China's first lunar module has begun orbiting the Moon, 12 days after blasting off, officials have confirmed.
China denies it is competing with Japan
The satellite, named Chang'e I, slowed down as it reached lunar gravitational pull, 200km (120 miles) from the Moon.
Scientists intend to keep the probe in orbit for one year while it studies the surface and beams back images.
China's lunar mission comes just weeks after Japan launched a similar module, but officials in Beijing denied an Asian space race was under way.
Long Jiang, deputy commander of spacecraft systems of China's lunar exploration programme, said China wanted to use its space mission to work with other countries.
"We are willing to co-operate with the rest of the world to the benefit of humankind, but as to what kind of co-operation, it depends on specific circumstances," Mr Long said.
Japan's lunar probe entered orbit in early October, and India is planning a mission for April next year.
Pace of exploration
Analysts believe China's launch, from the Xichang Centre in south-west Sichuan province, is a key step towards its aim of putting a man on the Moon by 2020.

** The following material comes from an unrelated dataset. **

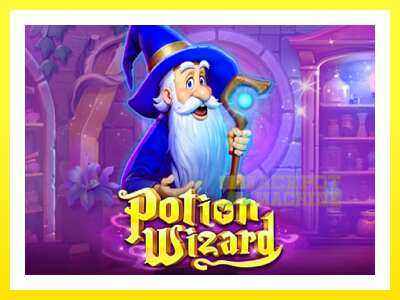 ゲーム機 Potion Wizard - お金のためのゲーム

State TV broadcast the launch of the unmanned Chang'e I, named after a Chinese goddess who flew to the Moon.
Efforts by Asian nations to advance their space programmes have gathered pace in recent years.
In 2003, China became the first Asian nation to use its own rocket to put an astronaut in space.
Four years later, Beijing triggered international concern by destroying a weather satellite as part of a weapons test.